分け入っても分け入っても…

 金子兜太の『種田山頭火漂泊の俳人』(講談社現代新書)を読んだ。
 山頭火と言えば、世間では人気のある俳人の一人に数えられているわけだが、僕にとってはどうもよくわからない俳人なのである。

 分け入つても分け入つても青い山

 よく知られた代表句だ。僕もこの句には素直に魅力を感じることができる。漂泊のロマンティシズム。懐深い自然の包容力。日常から解放された行楽の歓び…おそらくは作者の意図を離れたそんな読み方も許してもらうことにしよう。
 しかし、この本の中で、ああ、山頭火はこんな句も作っていたのかと、ここに書き留めておきたくなるような句に出会うことはなかった。
 金子兜太によれば、山頭火とは、求道者(宗教的に自己を律していく者)ではなく、存在者(ありのままの自分を観照する者)であるという。
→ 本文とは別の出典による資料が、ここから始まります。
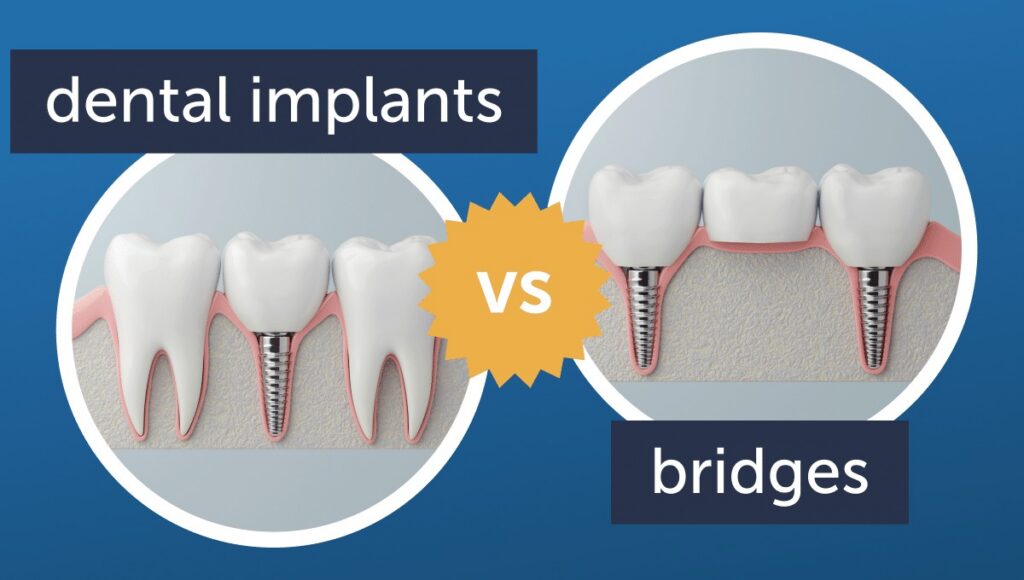 Single Tooth Implant vs. Bridge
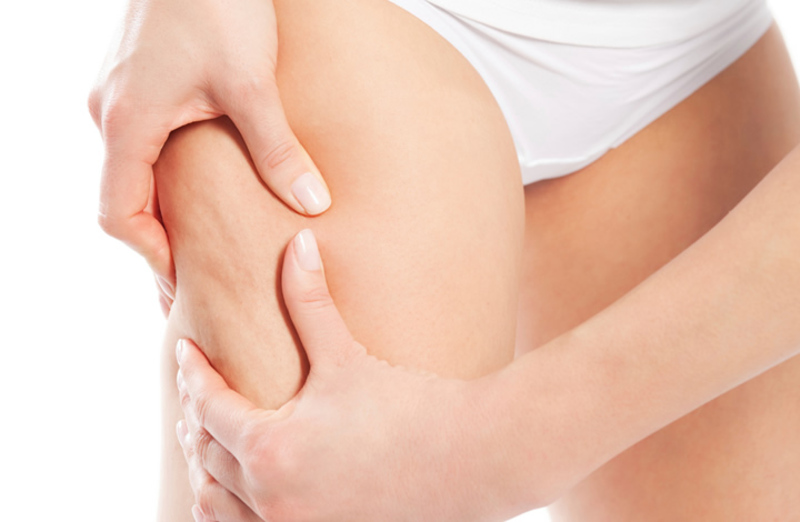 Mỡ mềm thường xuất hiện trên cánh tay, đùi, mông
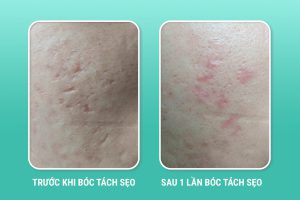 7 Cách Điều Trị Sẹo Hiệu Quả Nhất Hiện Nay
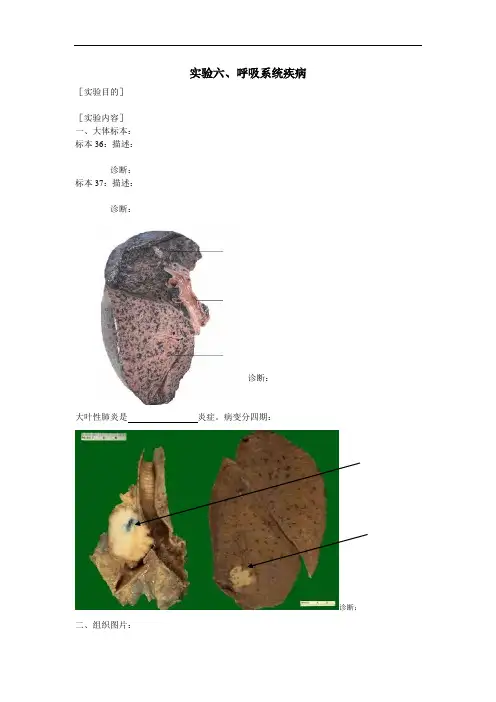 实验六、呼吸系统疾病范本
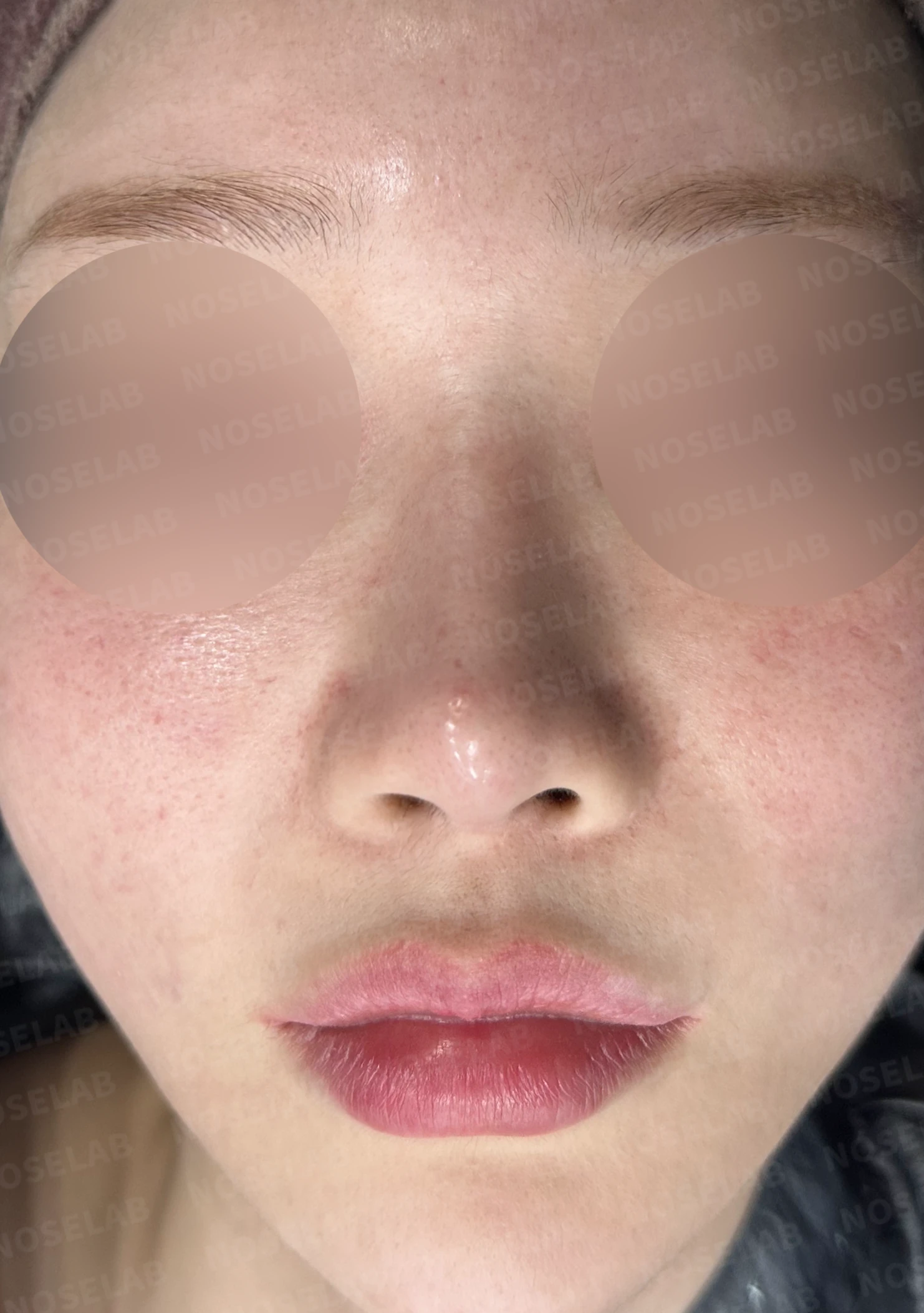 여러 차례 코수술 후 자가늑연골과 자가진피로 코 전체를 자연스럽게 높인 재수술 — 전(좌) 직후(후)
托鉢の僧として生きたが、教義を自らの生の支えとしたわけではないらしい。では山頭火は放浪生活の中で何を極めようとしていたかというと、それは「空」であったという。この「空」が何を意味するかは難しい。「無心」とか「何事にも執着しない心」という意味のようだととりあえず納得してはみるものの、それを作品理解にどうつなげたらよいのかわからない。山頭火の発言が捉えどころがないのか、兜太の文章が難しいのか、自分の読解力が足りないのか? いずれにしても、今のところは、この本を手掛かりに山頭火の作品世界に分け入ることができた、という感想を持てないでいるのである。残念なことである。